I remember when my parents divorced. They had a lot of arguments before then, and I think the main issue was that my parents didn’t know how to communicate with one another. Another issue was that my father was always away (he was in the Navy and gone for many months at a time). There were other issues too, but I think those stemmed from the two issues already mentioned.
Even though I did not see my father very often when my parents were married, divorce felt very different. Divorce was like a death. It kind of reminds me of the story of Lazarus and the Rich Man in Luke 16; in verses 22, 23, and 26 it has, “The time came when the beggar [Lazarus] died and the angels carried him to Abraham’s side. The rich man also died and was buried. In Hades, where he [the rich man] was in torment, he looked up and saw Abraham far away, with Lazarus by his side… there is a great chasm separating us.” This was what it was like for me—seeing my father but not being able to be in his presence.
Sometimes I wonder what I would have been like if my parents would have stayed together and saw a marriage counselor and worked things out. Would I have been more outgoing? Friendlier? Instead I find myself emotionally distant from people.
I think some of the issues I experienced earlier in my marriage was a result of my parents’ divorce—how could I truly trust and love anyone if he’s just going to leave me like my father left me? I think this might be a reason why some children of divorced parents get divorced themselves—they have a lack of trust so they do not fully give 100% into their own marriage.
I think my marriage was headed in that direction—divorce, but God intervened. After our 16th anniversary we both took a class, “Marriage Enrichment.” It was taught by Dr. Bill Cutrer and his wife, Jane (Dr. Cutrer is the co-author of the book, “Sexual Intimacy in Marriage,” http://www.amazon.com/Sexual-Intimacy-Marriage-William-Cutrer/dp/0825424372).
The class made me realize that my husband and I had a communication problem—I would say something, but he would take it to mean something else; and when he said something, I would take it to mean something negative.
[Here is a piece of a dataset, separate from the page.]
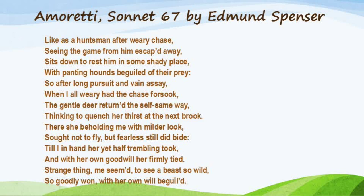Those of you who have not watched my previous video on Sonnet 34, I highly recommend that you watch that video so that you can understand the concept behind the collection of sonnets penned down by Edmund Spenser for his beloved Elizabeth Boyle in order to impress her. Now without any further ado, let's get started with the video.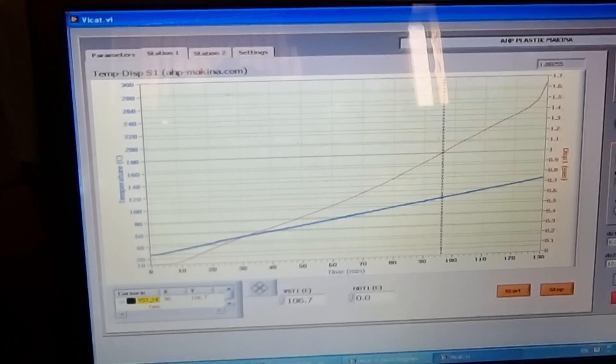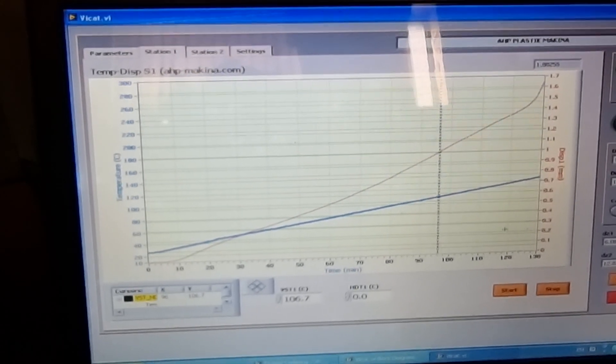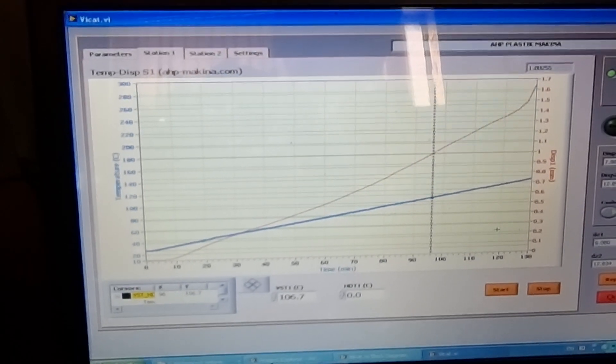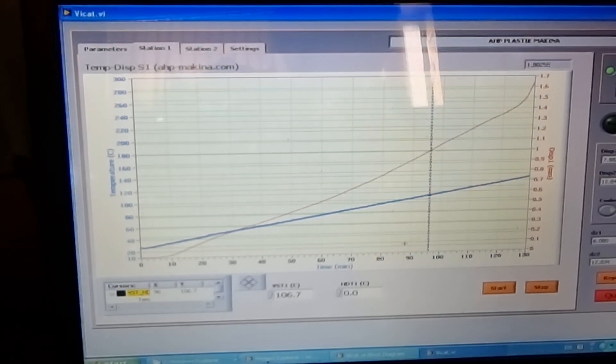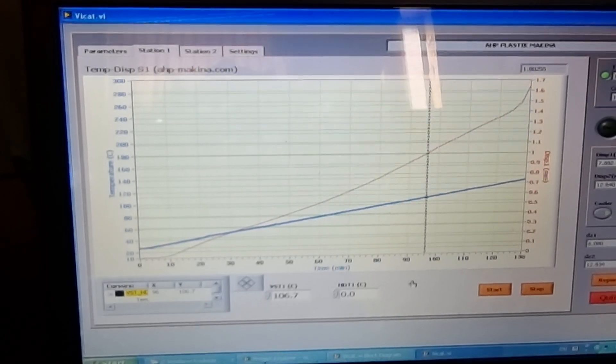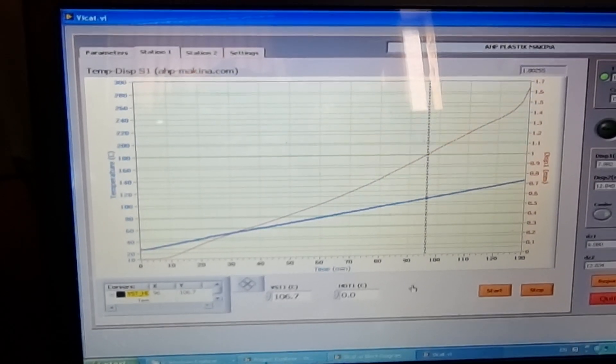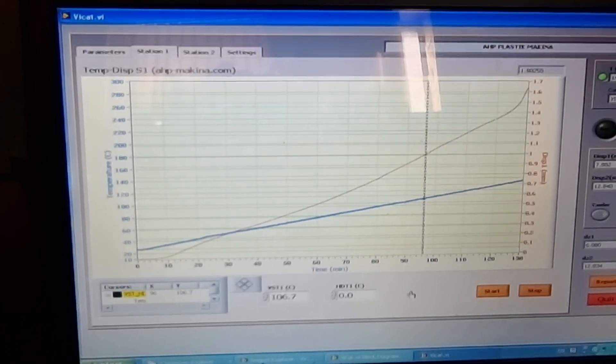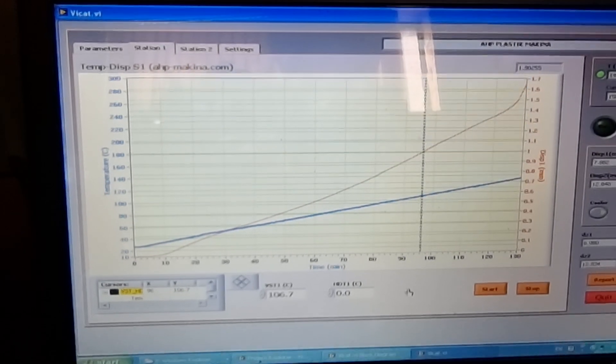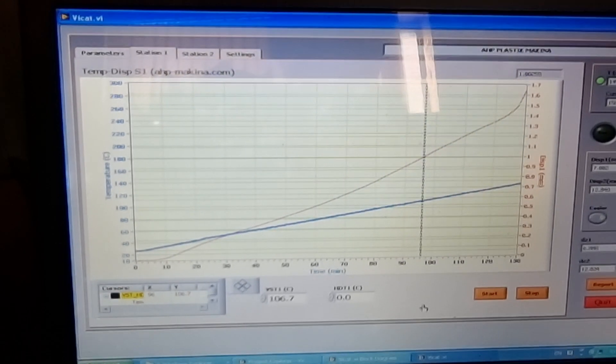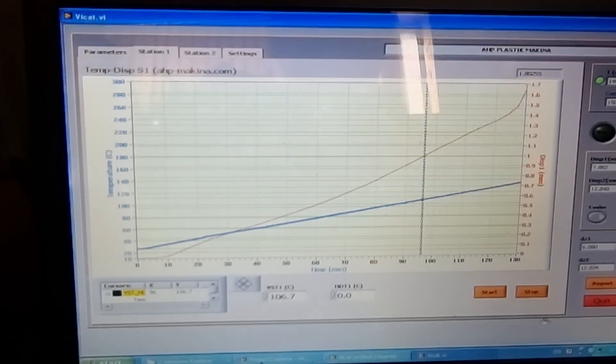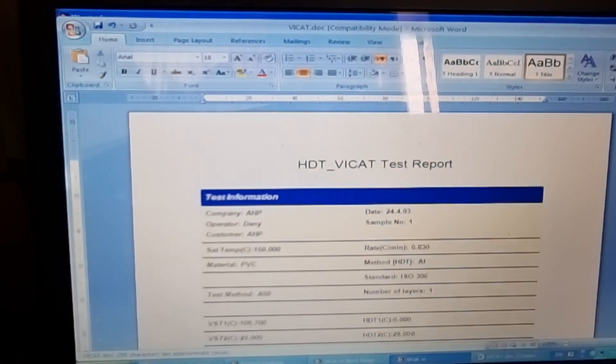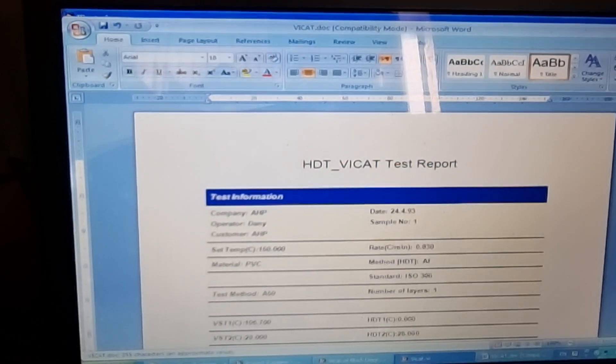When you click on report, you will see the report in Microsoft Word. The report will be like this.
There were other issues too, but I think it steamed from this main issue.
After the class had ended, we signed up for weekend marriage seminars and other helpful courses, and after a while we realized that we no longer needed these courses anymore—our marriage had stabilized.
This year my husband and I will celebrate our 29th anniversary in November. I am amazed that my marriage has lasted this long— sadly, all of my siblings have had one or more divorces.
What is really amazing about my marriage is that I truly love this man. I feel blessed to have shared my life with him— we had the privilege of raising our four beautiful children together, seeing the three older ones get married, and God has now blessed us with three beautiful, smart, and amazing granddaughters.
My wonderful marriage is what drives me to want to help couples. I know that if they could just get through the rough period, then the rest of the marriage would be so much better.
I have a passion to help married people stay together. In fact, I did a study on keeping marriages from ending in divorce (http://books.google.com/books/about/Marriage_Mentoring_with_Couples_in_Marit.html?id=eAdnMwEACAAJ). If at all possible, I think married people should avoid divorce (although, I realize that there are circumstances when it is necessary).